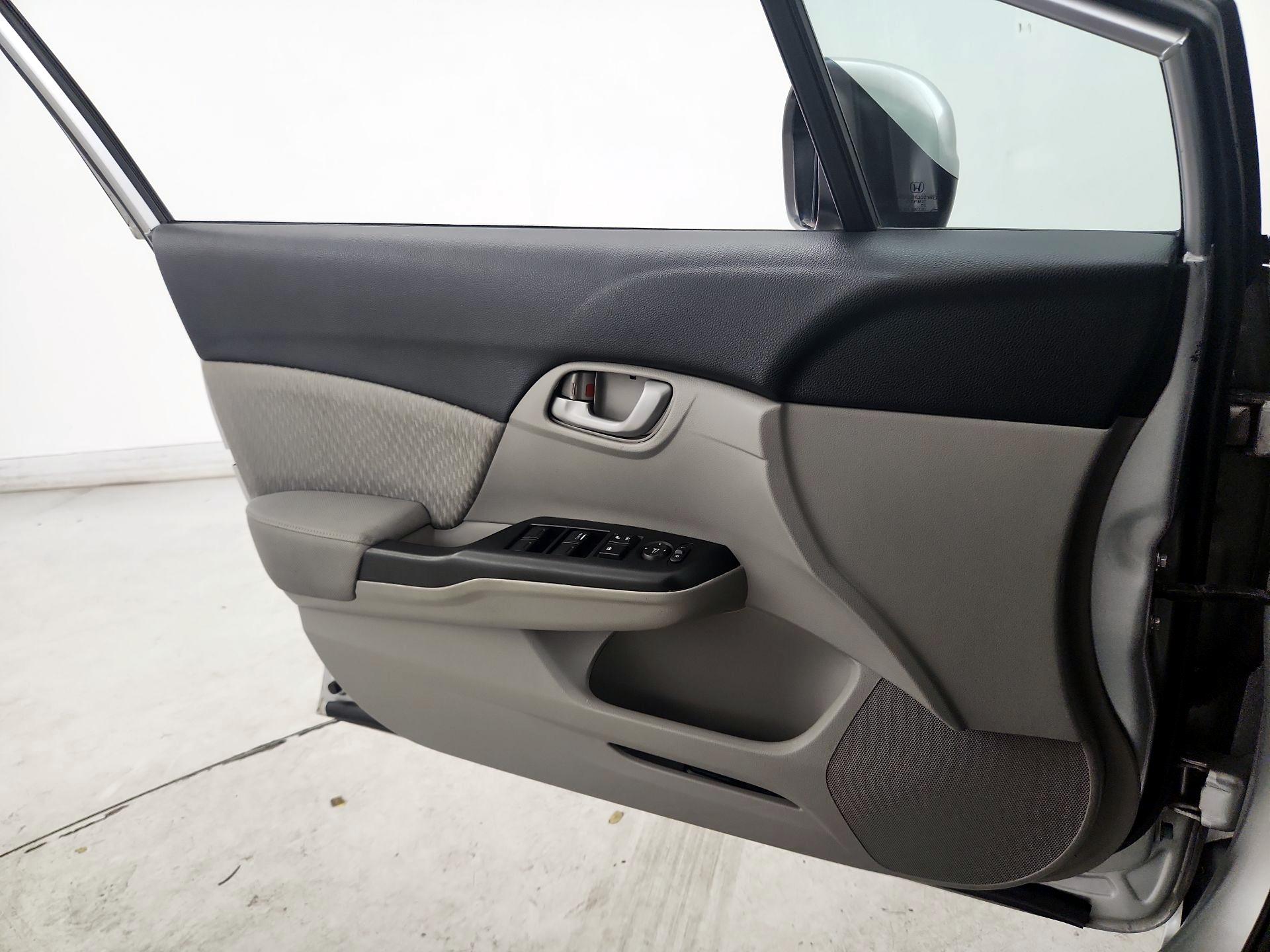 Thumbnail: 2015 Honda Civic - 12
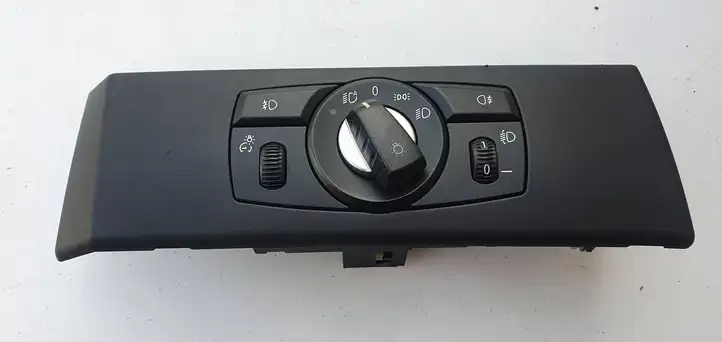 BMW 5 E60 E61 (2004 - 2010) 6988566 Включатель фонарей — фото 1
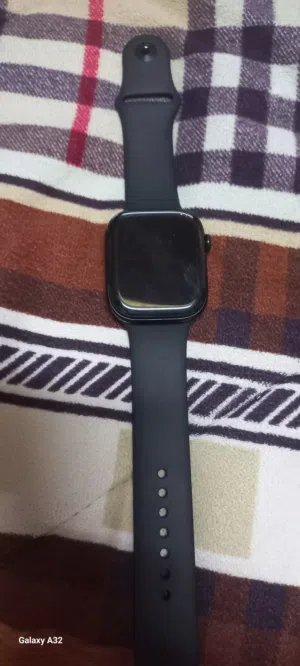 ساعه ابل الاصليه واتش 10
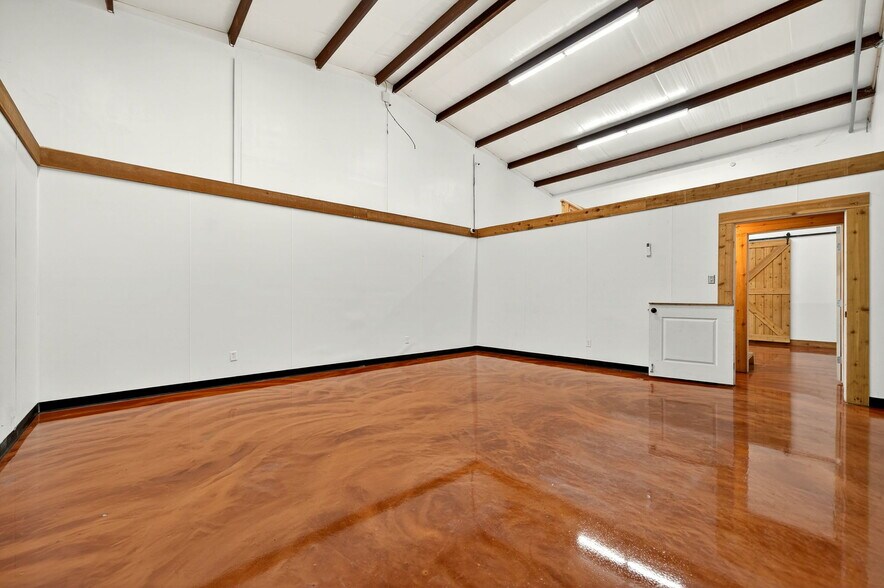 More Photos Of 4626 County Road 2200, Greenville Flex For Sale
--------------------------------------------------
§ **Directions for this task**: Copy the listing exactly but drop its images.

§ **Expected output**:
 Thumbnail: 2015 Honda Civic - 12
 BMW 5 E60 E61 (2004 - 2010) 6988566 Включатель фонарей — фото 1
 ساعه ابل الاصليه واتش 10
 More Photos Of 4626 County Road 2200, Greenville Flex For Sale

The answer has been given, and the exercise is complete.